## ASSIGNMENT
Of the records that follow, copy only the lines from the line containing "영상 안보고 소리만 들어도" to the line containing "KIF25 Antibody in", both included, exactly as written.

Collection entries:
________________

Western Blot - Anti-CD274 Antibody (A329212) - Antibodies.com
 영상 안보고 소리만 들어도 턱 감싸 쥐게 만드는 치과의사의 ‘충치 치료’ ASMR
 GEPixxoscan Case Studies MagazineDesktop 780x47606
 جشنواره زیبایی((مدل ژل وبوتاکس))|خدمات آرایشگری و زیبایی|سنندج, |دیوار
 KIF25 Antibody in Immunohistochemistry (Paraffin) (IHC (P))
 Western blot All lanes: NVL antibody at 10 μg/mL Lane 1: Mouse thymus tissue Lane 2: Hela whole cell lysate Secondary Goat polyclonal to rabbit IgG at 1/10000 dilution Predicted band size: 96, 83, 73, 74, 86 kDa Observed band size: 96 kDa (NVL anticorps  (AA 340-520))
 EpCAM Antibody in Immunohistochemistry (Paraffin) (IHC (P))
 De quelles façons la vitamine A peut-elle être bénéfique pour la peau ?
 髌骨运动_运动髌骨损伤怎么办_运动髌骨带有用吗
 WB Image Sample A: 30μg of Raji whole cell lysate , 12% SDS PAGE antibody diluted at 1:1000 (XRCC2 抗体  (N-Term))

________________

## RESULT OF THIS EXERCISE
 영상 안보고 소리만 들어도 턱 감싸 쥐게 만드는 치과의사의 ‘충치 치료’ ASMR
 GEPixxoscan Case Studies MagazineDesktop 780x47606
 جشنواره زیبایی((مدل ژل وبوتاکس))|خدمات آرایشگری و زیبایی|سنندج, |دیوار
 KIF25 Antibody in Immunohistochemistry (Paraffin) (IHC (P))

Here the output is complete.